Bonus : j’ai décidé de valider le point 16 en modifiant le « voir un fleuriste » en « entendre le mot fleuriste », que j’ai pu marquer sans problème dans Zoey’s Extraordinary Playlist où c’est à peu près le boulot de la mère de l’héroïne (enfin, non, mais si).
Voilà pour moi aujourd’hui… Je termine tout de même en évoquant le grand recensement de février, qui était un peu moins grand que d’habitude : j’ai compté 17 personnes participant au Bingo et me souhaitant mon anniversaire sur les différents réseaux. C’est beaucoup tout de même, mais un peu moins que d’autres années. Ca reste classe, je trouve, surtout à l’approche d’un nouvel anniversaire du Bingo !
Mon refrain à moi c’est de vendre Buffy en boucle, à tout le monde, tout le temps.
Je sais que le Bingo Séries demande de parler d’un seul épisode que l’on connaît par cœur, parce que c’est légèrement moi qui rédige la grille… mais voilà, suite à mon marathon en début de semaine des saisons 3 d’Angel et 6 de Buffy, il m’est apparu évident que je pouvais élargir ce point à l’ensemble de la saison de cette deuxième série. Bon, je n’utilise pas pour autant mon bonus : s’il y a bien un épisode que je connais par cœur, au point de vous décrire le look des personnages ou de vous réciter des morceaux entiers de l’épisode, en VF comme en VO, c’est le musical de Buffy, « Once More With Feeling », l’épisode 7.

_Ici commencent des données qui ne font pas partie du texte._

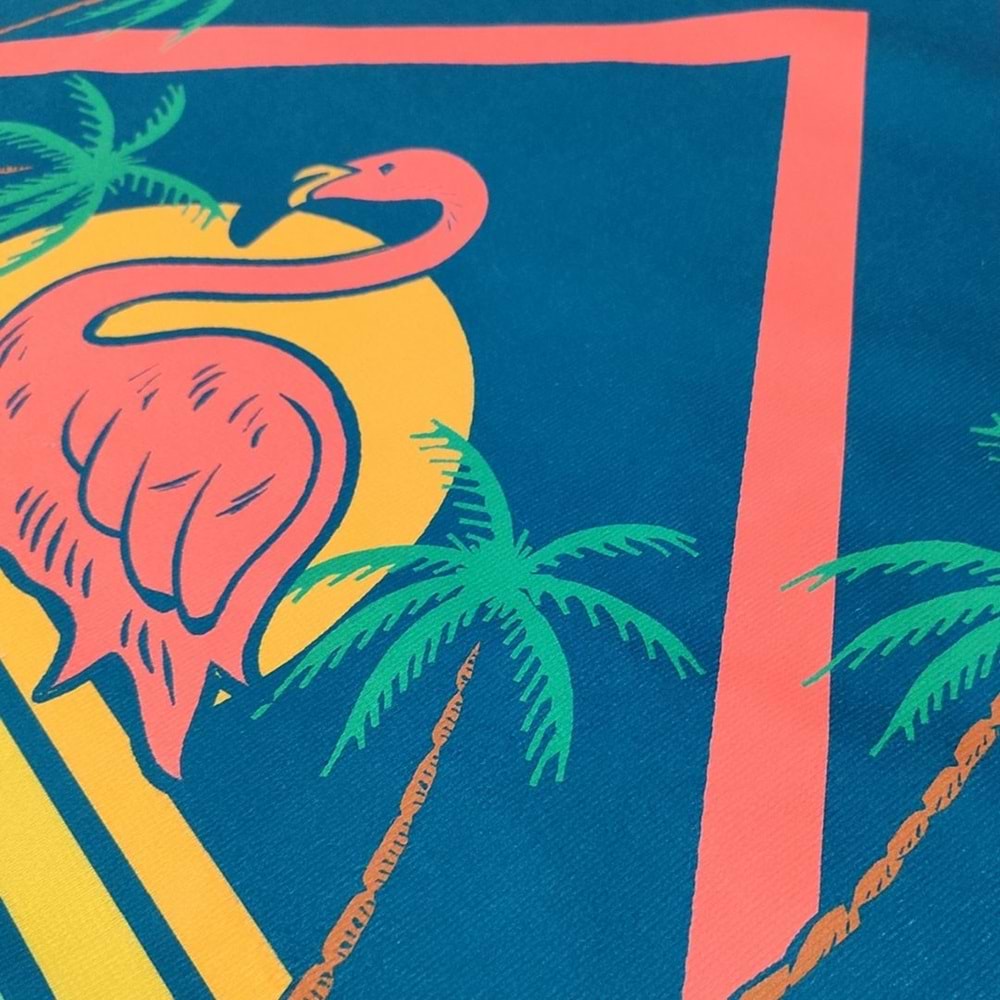 CALIFORNIA FLAMINGO Dijital Baskılı 75x150 Cm Plaj Havlusu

Quand mes amis comprennent que je suis encore parti pour être en boucle sur Buffy pour un bon quart d’heure.
Seulement, j’ai déjà eu l’occasion de vous parler de cet épisode sur le blog, alors j’élargis pour changer un peu, en vous expliquant pourquoi la saison 6 est ma préférée. Il paraît que j’ai déjà plus que soulée une amie avec ce sujet… Franchement, je ne vois pas de quoi elle parle, je ne dis pas du tout à tout le monde qu’il s’agit de ma saison de séries préférée ! Qu’est-ce qui la rend si géniale ?
Son casting parfait, bien sûr.
Déjà, le fait que je l’ai vue pour la première fois à 14 ans et qu’elle me parlait autant que lors de ce rewatch à la toute fin de ma 26e année (jolie manière de rappeler subtilement que j’en ai 27 aujourd’hui, z’avez vu ?). Elle me parlait ? Au cours de cette saison, tous nos personnages traversent une transition plus que difficile pour les mener à l’âge adulte. Et ça fait mal, mais en même temps, c’est assez logique : on ne peut pas rester une série adolescente à vie et, en fin de saison 5, Buffy est morte. Bonjour la dépression qui vous attend devant ces épisodes !

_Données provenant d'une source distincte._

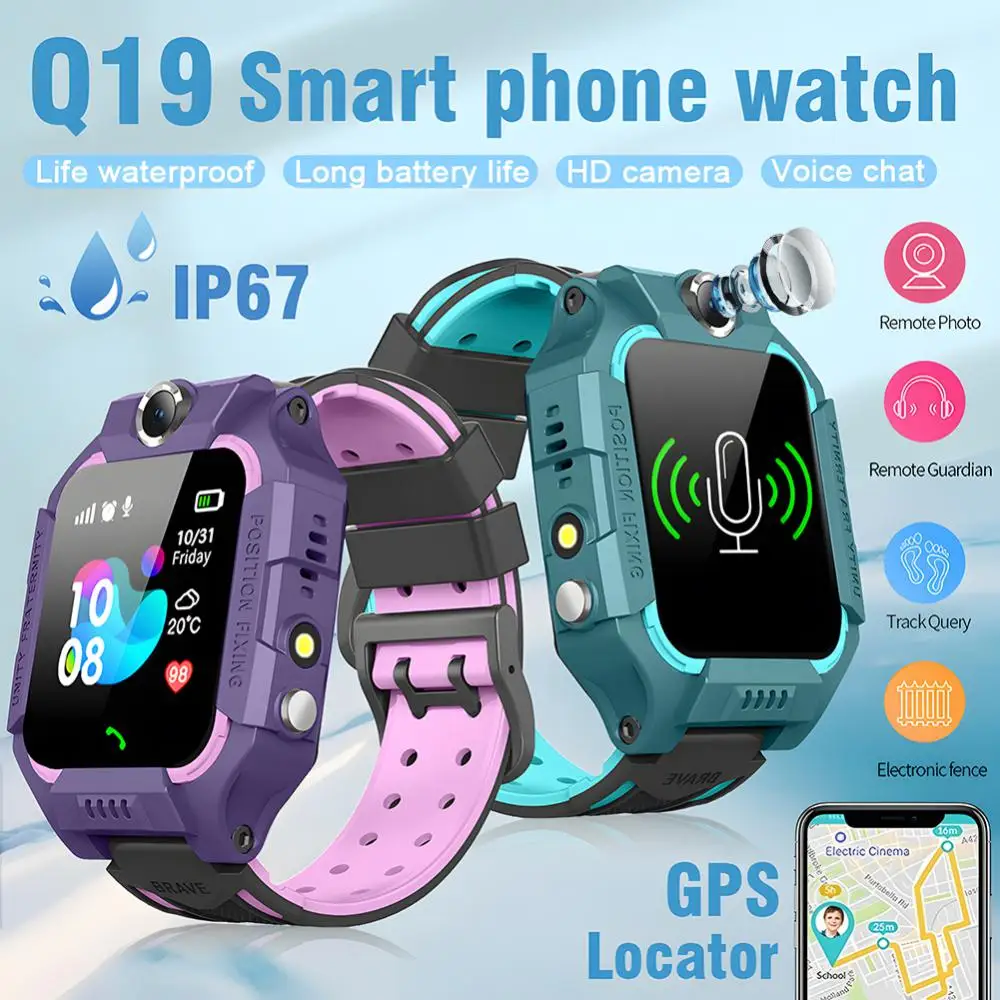 Smartwatch Watches Digital - 새로운 어린이용 2G 스마트워치 SOS LBS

C’est justement là-dessus que la saison se démarque des autres : l’héroïne est dépressive, mais on va la suivre s’en sortir petit à petit et retrouver le sourire, même si le chemin est long et douloureux. Une chose est sûre : je n’aurais pas forcément adoré la saison si j’avais dû la suivre à la semaine, parce que c’est hyper sombre du côté de l’histoire et on tombe à chaque épisode un peu plus bas… mais à voir en bingewatching (et je l’ai vue au rythme de trois épisodes par jour la première fois), c’est un excellent moteur pour sortir de la dépression et grandir avec des personnages que l’on adore.
Oui, chacun d’entre eux tombe au plus bas : Buffy est dépressive, Spike est amoureux mais elle ne lui rend pas, les deux tombent dans une relation sado-maso absolument pas satisfaisante pour eux et totalement destructive. Willow finit droguée à la magie et perd Tara, d’abord sentimentalement, puis définitivement, la faisant devenir le Big Bad inattendu de la saison. Xander est plein d’angoisse envers l’avenir, ce qui finit par le faire quitter Anya, qui redevient démone pour tenter de se venger…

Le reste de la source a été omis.